» **COLLECTED DATA**:

-- Opening Marker --

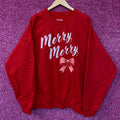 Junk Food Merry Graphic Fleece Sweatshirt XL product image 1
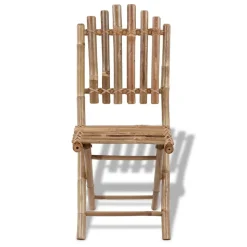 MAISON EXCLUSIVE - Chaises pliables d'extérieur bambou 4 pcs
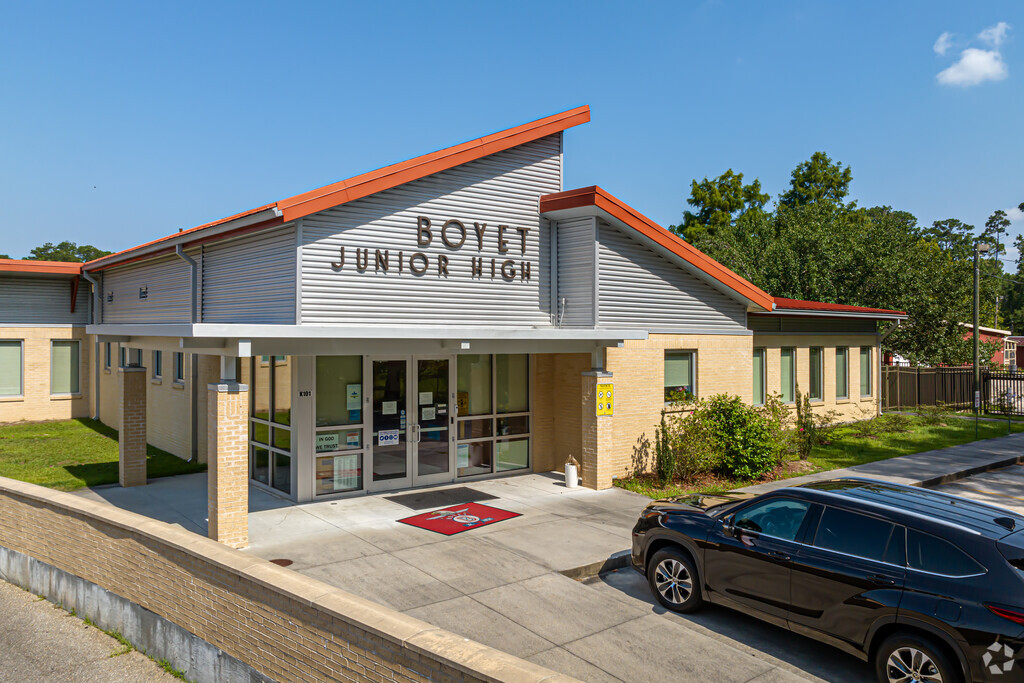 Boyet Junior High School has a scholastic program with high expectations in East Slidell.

-- Closing Marker --

» **TASK BRIEF**: Once the pictures are removed, copy the material above exactly.

» **TASK RESULT**:
 Junk Food Merry Graphic Fleece Sweatshirt XL product image 1
 MAISON EXCLUSIVE - Chaises pliables d'extérieur bambou 4 pcs
 Boyet Junior High School has a scholastic program with high expectations in East Slidell.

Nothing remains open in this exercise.